**RECORDS SUPPLIED**
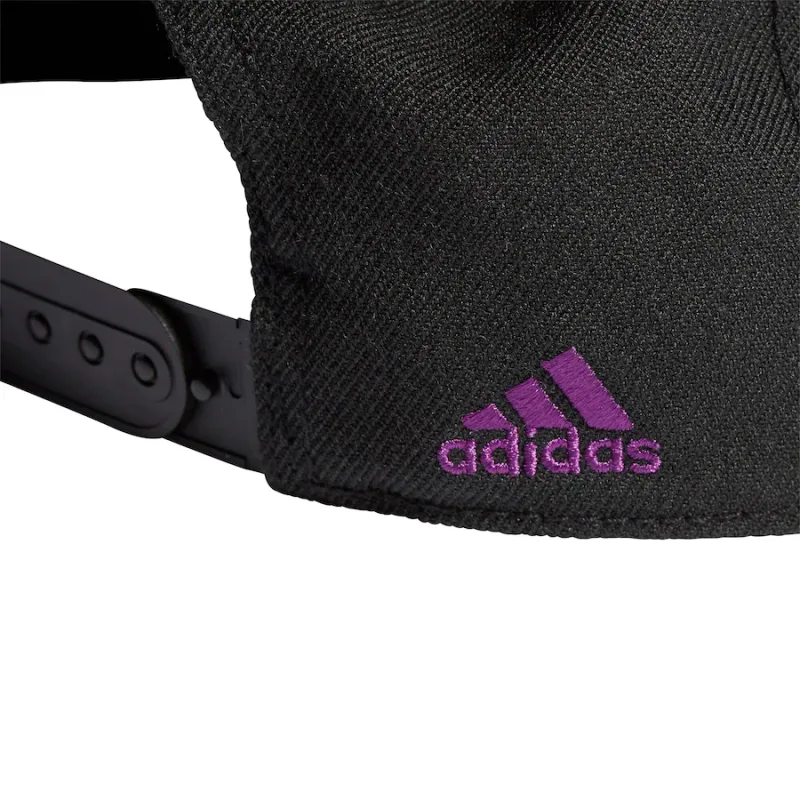 Adidas Manchester United šiltovka čierna - SKLADOM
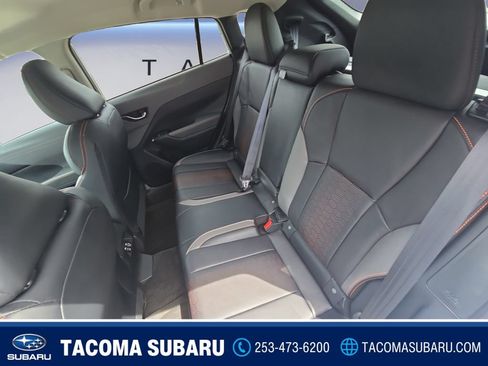 New 2026 Subaru Crosstrek 2.5i Limited AWD/4WD image 16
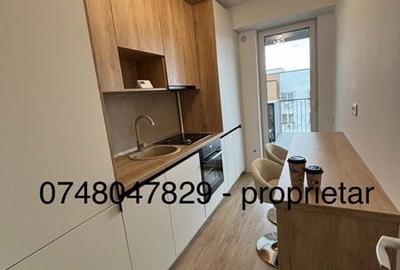Apartament cu 2 camere în Titan - 5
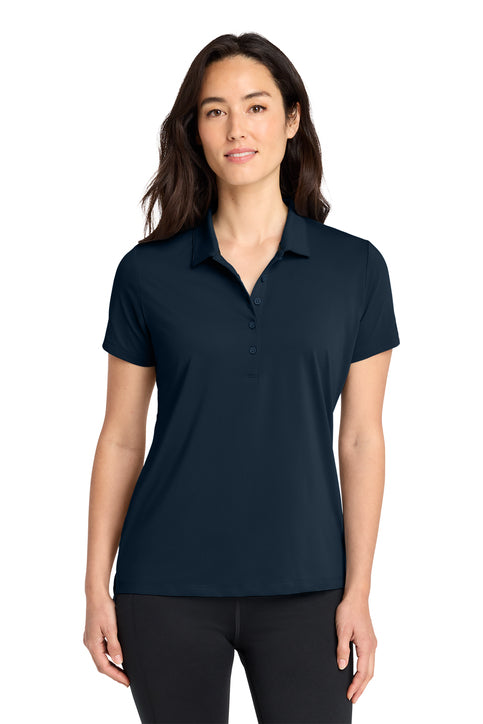 River Blue Navy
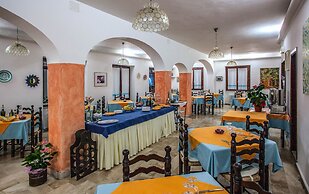 Hotel Sandalyon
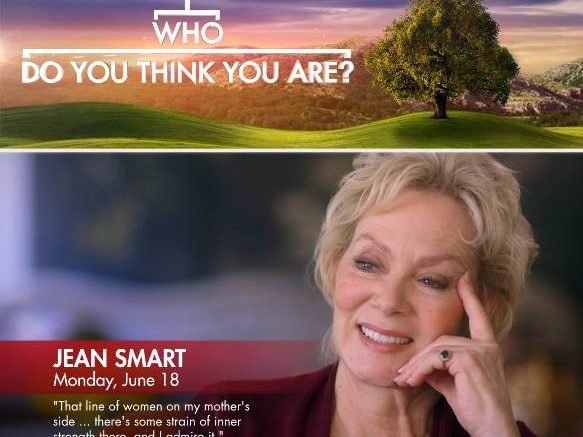 September 13:Happy 67th birthday to actress,Jean Smart (\"Designing Women\") 
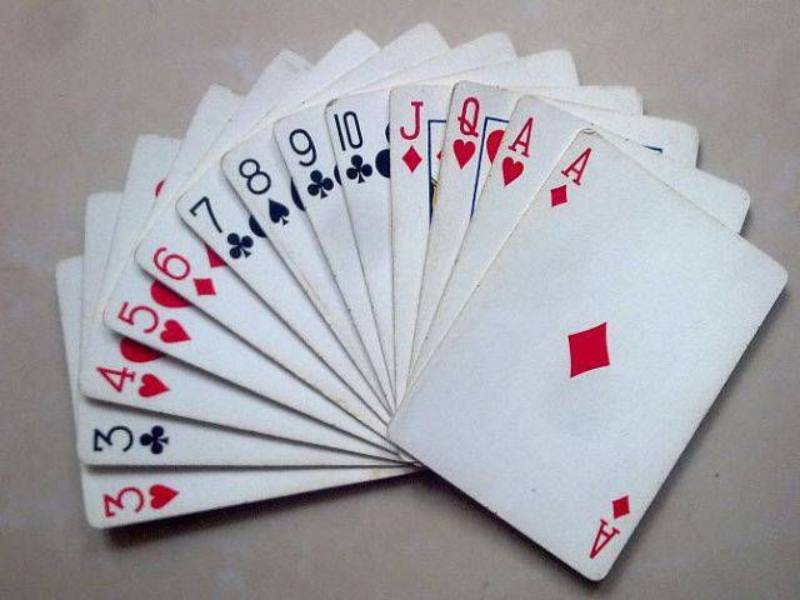 Nhớ bài là gì và vì sao quan trọng trong tiến lên?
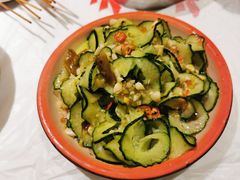 -老表记广西宵夜螺蛳鸭脚煲(西大店)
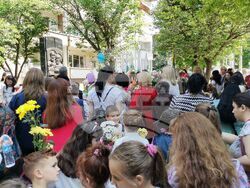 Снимка: Общински съвет Плевен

**EXERCISE**
Return exactly the lines that begin with the one containing "Apartament cu 2 camere în Titan - 5" and end with the final line of the data above; include no pictures.

**OUTPUT BELOW**
Apartament cu 2 camere în Titan - 5
 River Blue Navy
 Hotel Sandalyon
 September 13:Happy 67th birthday to actress,Jean Smart (\"Designing Women\") 
 Nhớ bài là gì và vì sao quan trọng trong tiến lên?
 -老表记广西宵夜螺蛳鸭脚煲(西大店)
 Снимка: Общински съвет Плевен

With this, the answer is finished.